--- Data to process ---

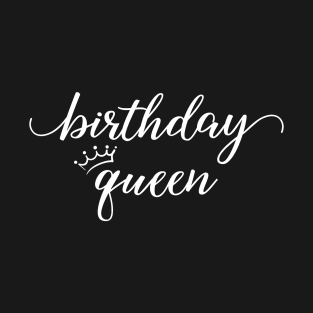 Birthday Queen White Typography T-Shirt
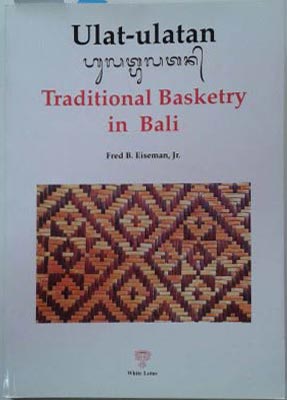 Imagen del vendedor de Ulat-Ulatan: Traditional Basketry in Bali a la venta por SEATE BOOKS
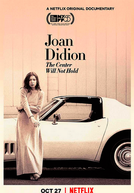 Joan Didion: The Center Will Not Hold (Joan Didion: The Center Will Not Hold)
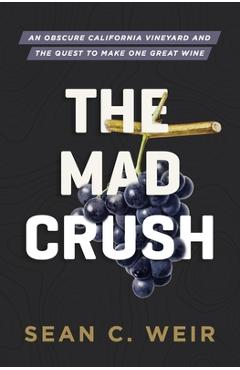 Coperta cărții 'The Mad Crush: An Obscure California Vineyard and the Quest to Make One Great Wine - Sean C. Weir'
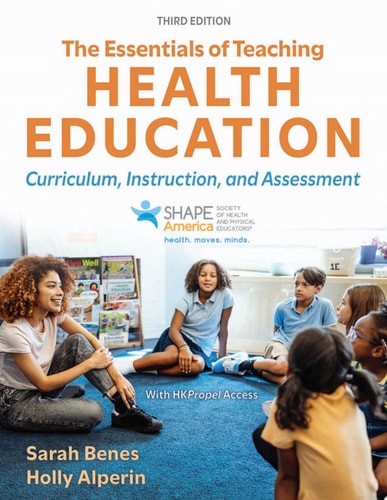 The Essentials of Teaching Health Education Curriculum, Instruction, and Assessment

---
--- Data to process ---

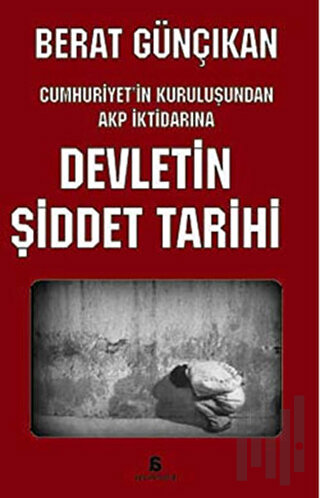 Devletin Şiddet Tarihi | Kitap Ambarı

---
--- Data to process ---

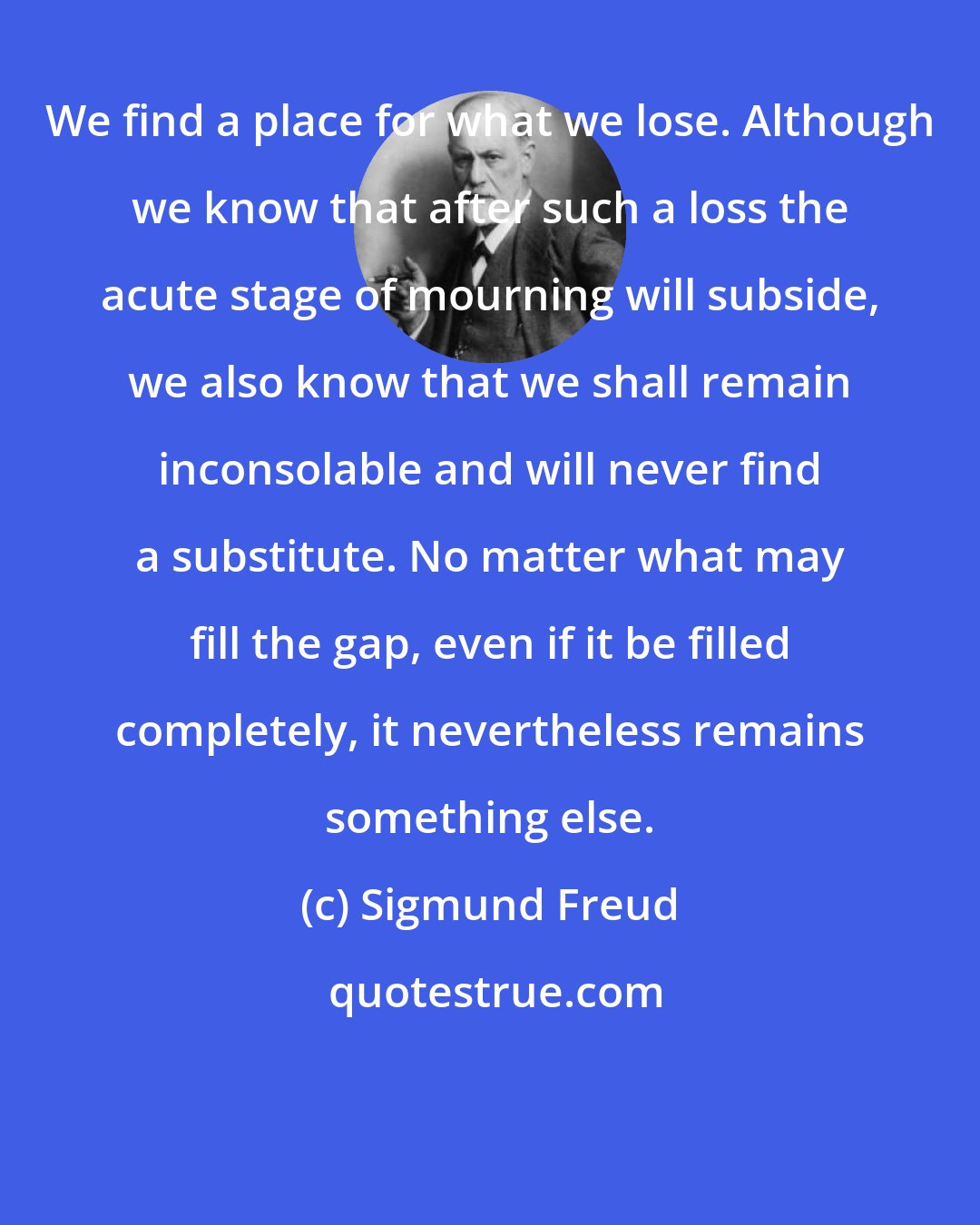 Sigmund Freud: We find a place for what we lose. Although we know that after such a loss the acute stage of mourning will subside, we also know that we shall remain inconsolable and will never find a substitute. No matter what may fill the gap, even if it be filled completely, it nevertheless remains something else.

---

(What the task requires) When you reach the line that has "Birthday Queen White Typography T-Shirt" in the data above, start repeating lines exactly, and stop after the line that has "The Essentials of"; pictures stay out.

(Problem solution)
 Birthday Queen White Typography T-Shirt
 Imagen del vendedor de Ulat-Ulatan: Traditional Basketry in Bali a la venta por SEATE BOOKS
 Joan Didion: The Center Will Not Hold (Joan Didion: The Center Will Not Hold)
 Coperta cărții 'The Mad Crush: An Obscure California Vineyard and the Quest to Make One Great Wine - Sean C. Weir'
 The Essentials of Teaching Health Education Curriculum, Instruction, and Assessment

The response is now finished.